Mumsnet has not checked the qualifications of anyone posting here. If you need help urgently or expert advice, please see our domestic violence webguide and/or relationships webguide. Many Mumsnetters experiencing domestic abuse have found this thread helpful: Listen up, everybody

The back and forth of whether to leave / stay

37 replies

Armadillosocks · 25/02/2022 20:50

It is exhausting - I’ve been in this loop for about 5 years.
I decide to stay. It doesn’t feel final. I decide to leave. It doesn’t feel possible.
I’m paralysed by indecision.

For staying -
Two dc - late primary / early secondary age
It’s safe
Financially it makes sense - we are comfortable
It’s familiar
DH and I get on ok on the surface of it
There’s nothing terribly ‘wrong’ and maybe this is just as it is after 20 years
DH is a good dad - he wasn’t involved for a long time but had a bit of a change about 18 months ago and now is much more involved.
I find it difficult to think of the dc going between two homes
DH would be devastated
The ‘nuclear’ family is easier in lots of ways

For not staying
I’ve never been ‘happy’ from the start
I don’t feel I am myself with DH - I have to be a certain way
It’s all very superficial - I don’t think he knows me and possibly the same is true of me to him
Our sex life is nonexistent and has been for a decade
I’m lonely
I find it hard to get excited about the idea of planning anything with DH. I can if planning things with my friends / just the dc
I feel like I am treading water all the time - as though im waiting for my life to start

Am I just depressed? I’m on antidepressants. I know I should be happy with what I’ve got, why am I not? What is wrong with me? I’m so ungrateful.
I KNOW I should keep the family together the dc have to be central. My marriage is ok. So what is it that is missing? We’ve had counselling before and it hasn’t helped really.
I know he loves me. I know the grass isn’t greener and it would probably be MUCH harder in every single way if we split up.
Why can’t I just accept what I have and it be enough?

OP posts:
Armadillosocks · 25/02/2022 21:59

Anyone?

OP posts:
FlushTheLoo · 25/02/2022 22:02

Hi Op.
Can I ask why you haven't had sex in a decade?
Have you spoken to him about how you feel?

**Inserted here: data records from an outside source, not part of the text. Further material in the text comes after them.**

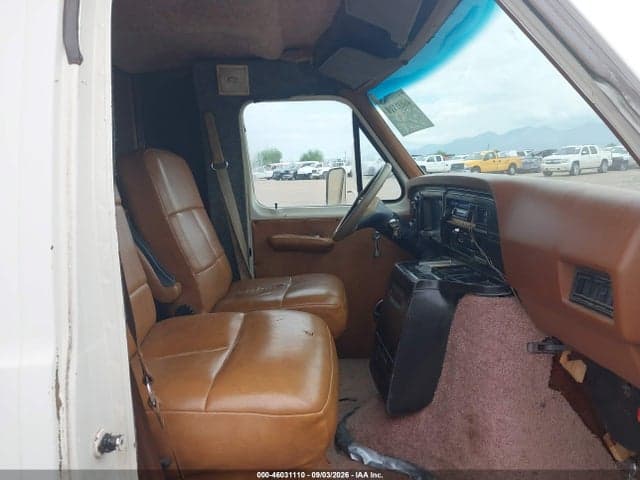1982 FORD ECONOLINE E350 CUTAWAY VAN 7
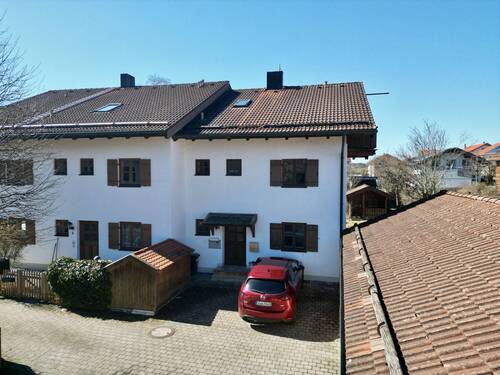 Eingangsbereich - 8 Zimmer Doppelhaushälfte in Holzkirchen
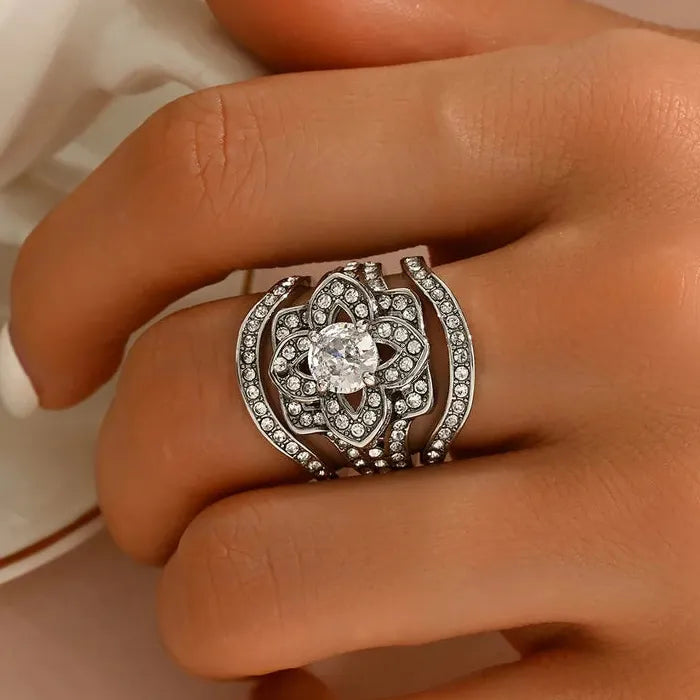 Elegant 3-Piece Women's Engagement Ring Set with Sparkling Zircon Flowers Zinc Alloy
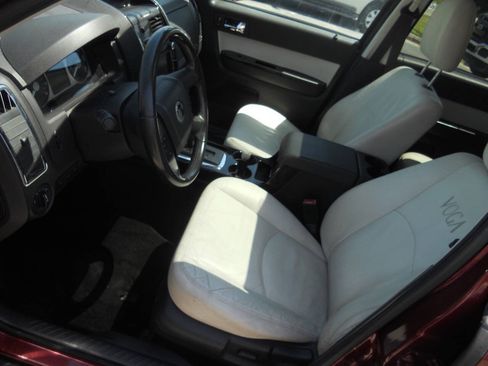 Used 2010 Mercury Mariner Premier AWD/4WD image 12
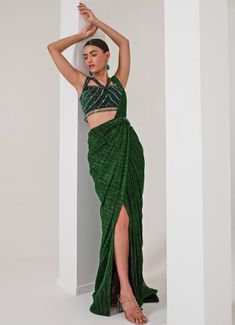 Emerald Green Pre - Draped Saree Akara - Fabilicious Fashion Halter Neck Saree Blouse, Blouse Halter Neck, Sangeet Saree, Halter Neck Blouse, Green Drapes, Halter Neck Blouses, Draped Saree, Embellished Belt, Drape Dress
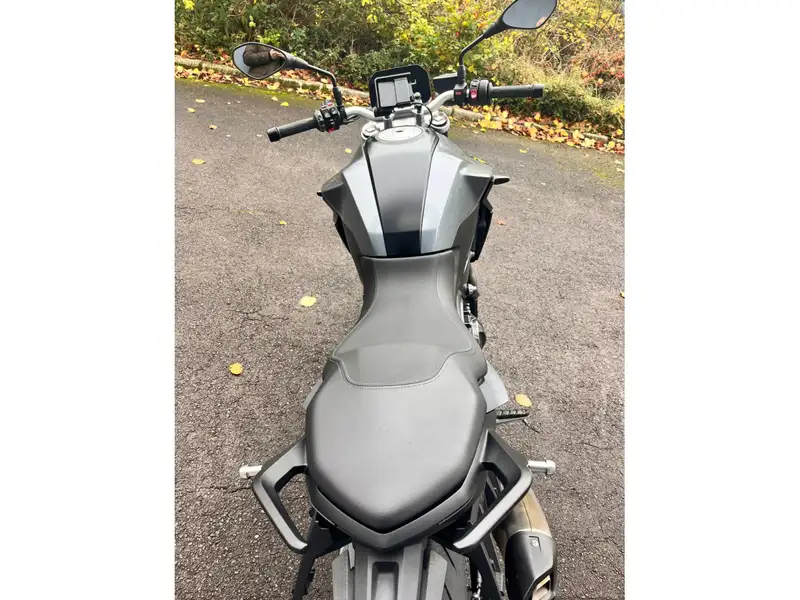 BMW F 900 R - foto 8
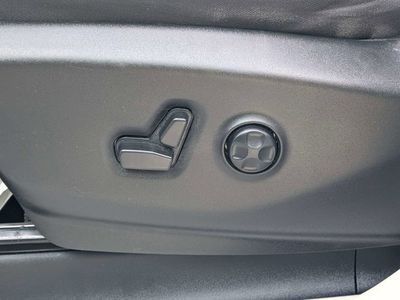 2023 Chrysler Voyager - Photo 22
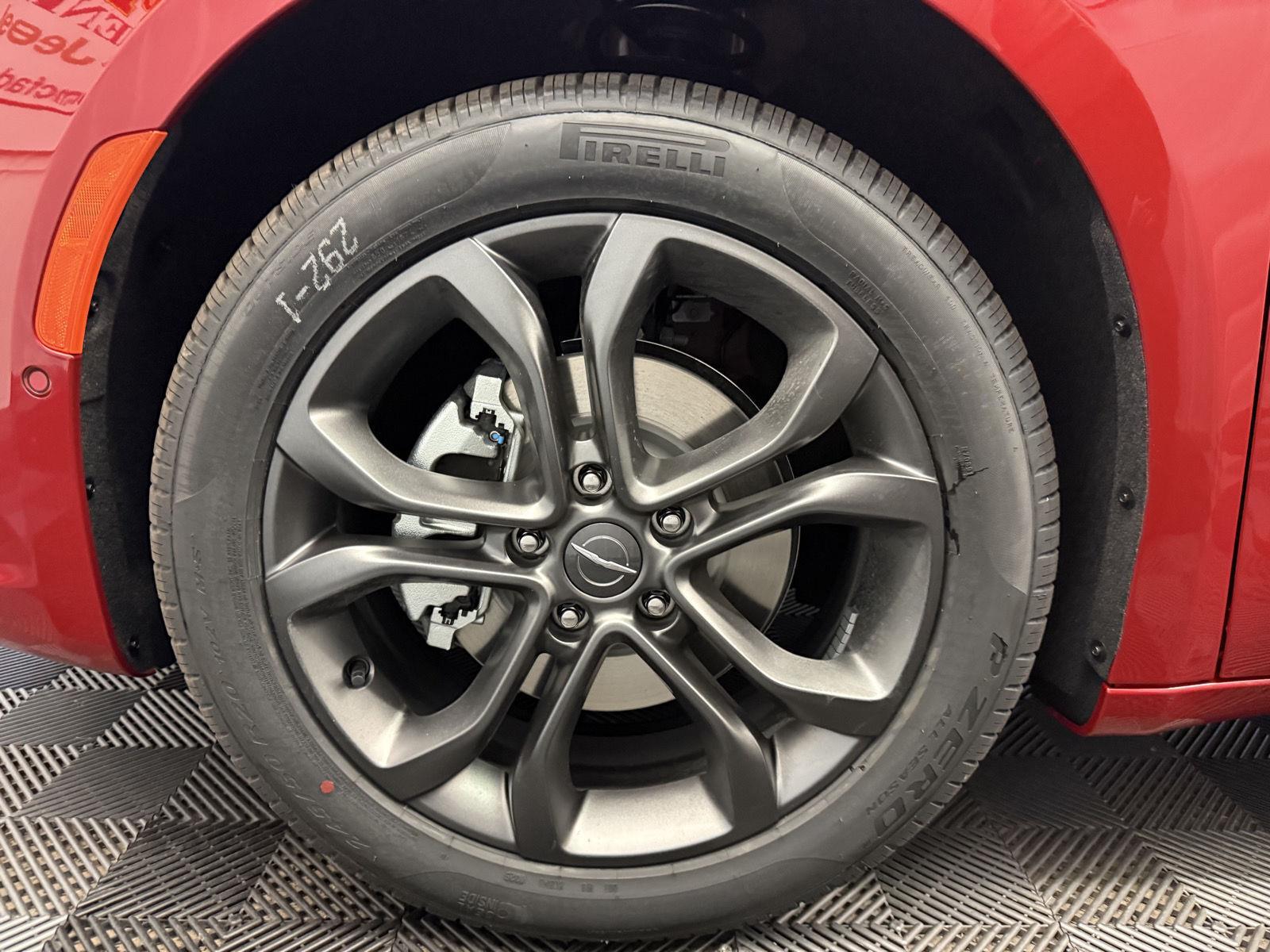 2026 Chrysler Pacifica photo 17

This is hard op. Hopefully someone who has experienced this will be along to share their story with you soon.

Gooders1105 · 25/02/2022 22:10

You’re unhappy. You only get one life. You don’t have to be abused to end a marriage. Children thrive better when their parents are happy. Put YOU first. You’re not responsible for your DH’s feelings.

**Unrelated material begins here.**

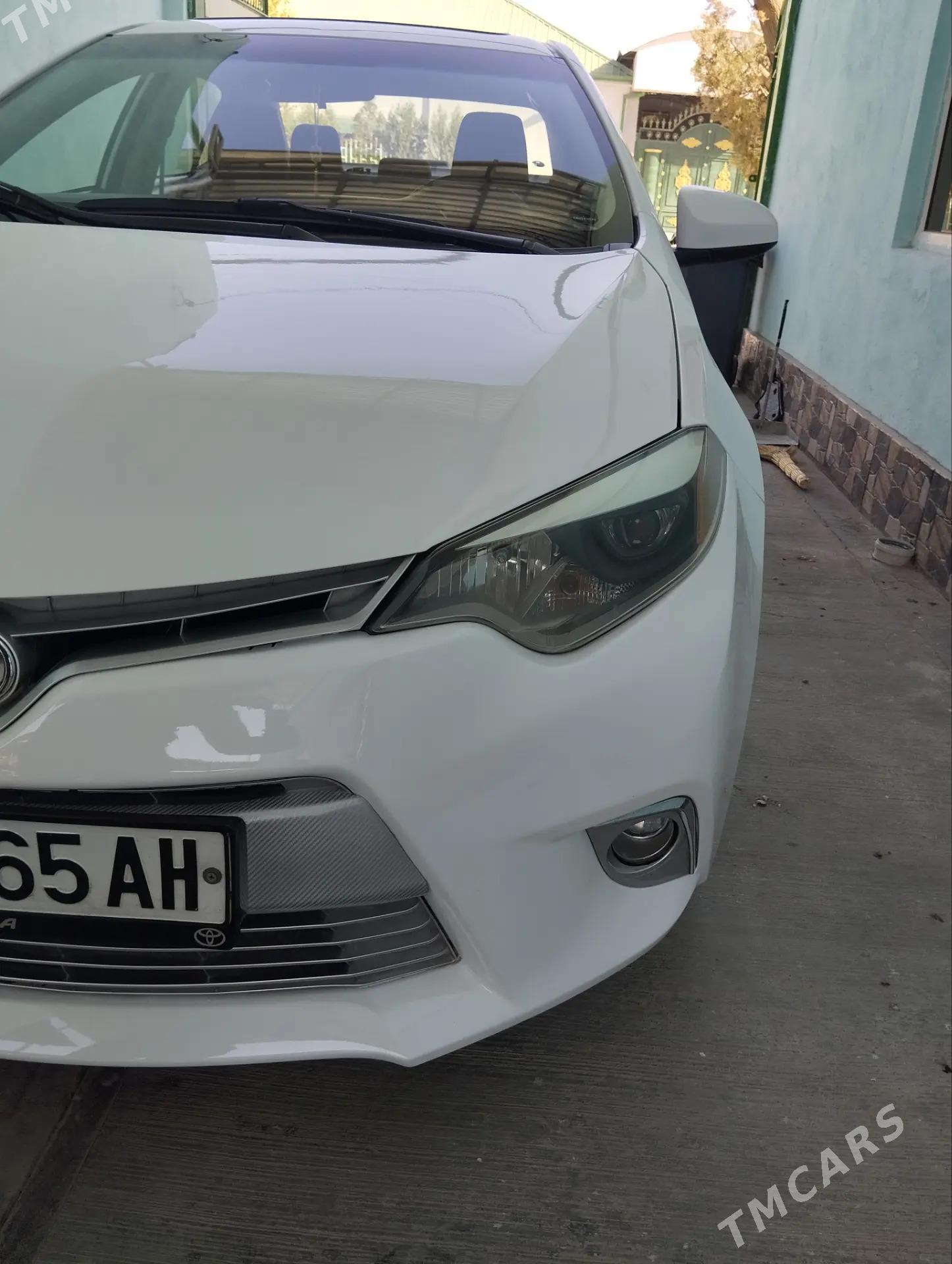 Toyota Corolla 2014 - 187 000 TMT - Podwoýski köç. (Bitarap Türkmenistan şaýoly) - img 3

Armadillosocks · 25/02/2022 22:11

We’ve only had very very rare sex in the last decade because neither of us are that bothered I think.
I don’t know really. I don’t want to have sex with him. He says there are more important things. I don’t want to live like a nun forever though.

OP posts:
ToBeHappy · 26/02/2022 00:51

OP I know exactly how you feel.

In fact my sister told me last weekend that I can't live my life going round in circles ie should I leave or stay.

I haven't been happy for years and really feel in my gut that something is "off". We've never had a great sex life and I've never had that urge to rip his clothes off, even in the early days.

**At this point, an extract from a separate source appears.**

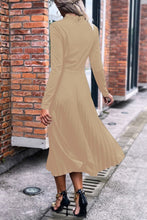 Load image into Gallery viewer, Amber&#39;s Pleated Dress
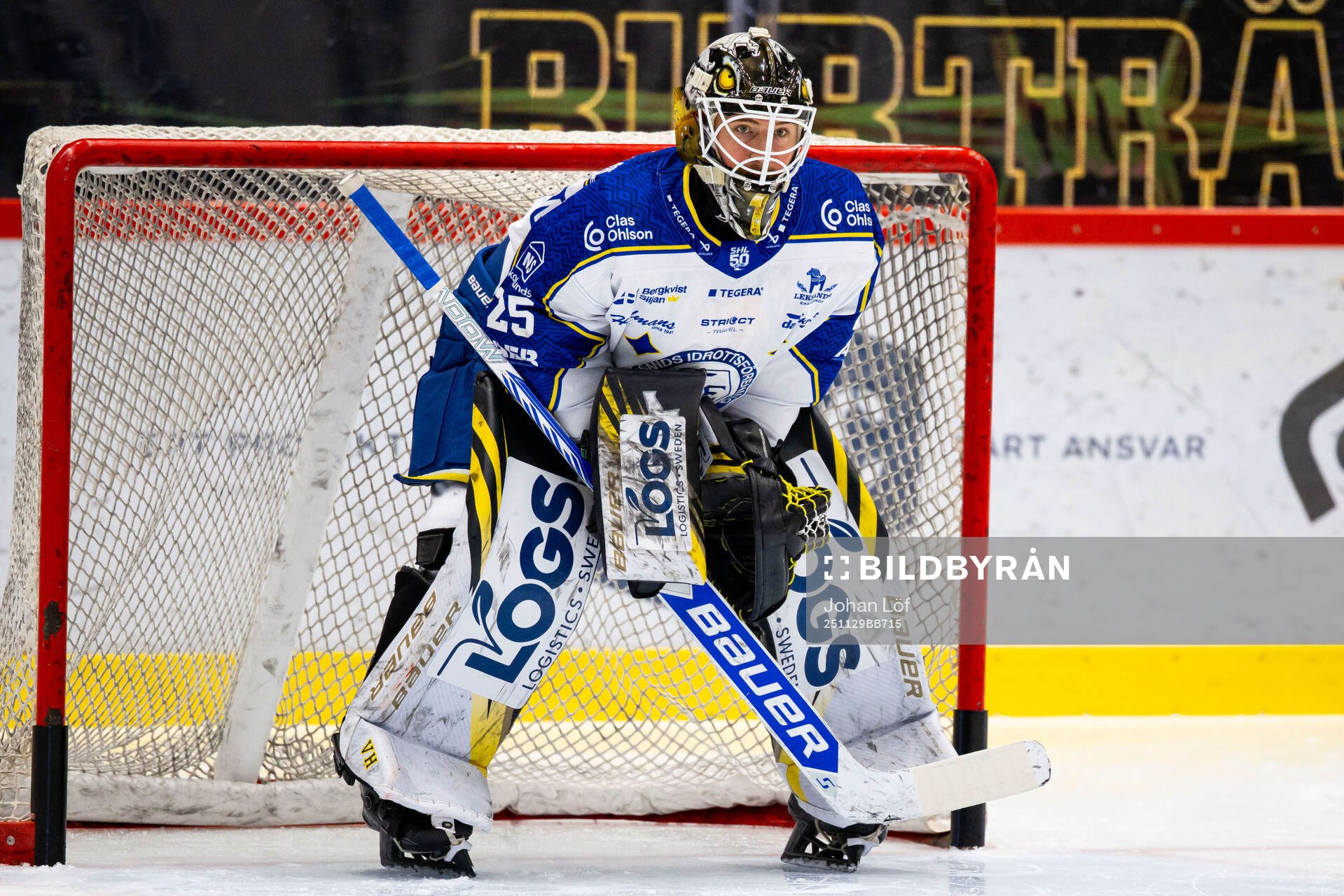 Leksands målvakt Robin Christoffersson värmer upp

We just trundle along with our DD. Were due to separate after Christmas but he wanted to try again.

He is making some changes (trying to improve his moods, be more involved with family life) but I cannot shake the feeling that there is more out there for me. That I could meet someone who makes me excited to be with them.

Of course it's a massive risk as said person may never come along. Some of my family have warned that I'm hoping the grass is greener on the other side and they remind me of his good points.

I am early 40's and am so worried I'll never have that happiness you see other couples have. There is zero chemistry between us.

RiverSkater · 26/02/2022 01:20

OP I could have written your post, same kids age, no sex for a decade. Except I don't thinking my DP loves me really (I'm mum to him too) and he seems happy to shuffle into old age with the comforting shield of family life whilst I'm imagining a life without him.

I actually had this thought today of my life passing me by and me letting it. But I can't move on until I'm financially independent so uproot the kids as little as possible which will be really hard with house prices as they are (Southern Uk) so its taking a while to get myself in order.

Thing is I wasn't very successful in relationships before so I can't see why that would change so upsetting the kids for what? I'd be happy on my own. And drinking less.

Could you afford to break up OP? Maybe get some advice and dip your toe in the water? How old are you?

Tallisimo · 26/02/2022 02:40

OP, ask yourself

Do I want to be feeling like this in 1/5/10 years’ time?
Do I want my children to think this is how a good relationship should be?

Your kids are older primary/ early secondary and your DH only bothered to get more involved in being a parent 18 months ago? Well whoppee do, how big of him.

Sorry, but what you have here isn’t a healthy, evolving, deepening relationship. You don’t have a good marriage!

You’ve not been happy from the start . That’s just so sad. You deserve better, why don’t yo7 fight for it?

treasure47 · 26/02/2022 08:49

I'm in a very similar situation but only have one DC who is pre school age. I kind of think if I decide to leave its now or never because it would in some ways be easier when DS is younger. But then I get sad that I may never be able to give him a sibling and that my life is "comfortable" so I wonder if I'm being ungrateful. I've been with the same person for 15 years (never been with anyone else) and if I'm being honest with myself there have always been niggling feelings. As someone else said in their reply, I've never had that "wanna rip your clothes off" feeling about him. I've always wished I was more attracted to him. He's a good person but seems to have got more boring as he's got older and I don't look forward to spending time with him really. I'm early 30s too which seems too young to feel like this. I worry that if I don't do something now I'll still feel like this in 10 years and won't be able to get that time back.
But leaving seems like such a huge risk and I keep coming back to DS and him having to go between us and it makes me sad. If DH was on the same page as me it would be easier, if we could agree to separate but he's not at all and it would devastate him. I think he's scared too though about the idea.
I'd like us to be able to part amicably as "friends" but I think I'm living in a dream world.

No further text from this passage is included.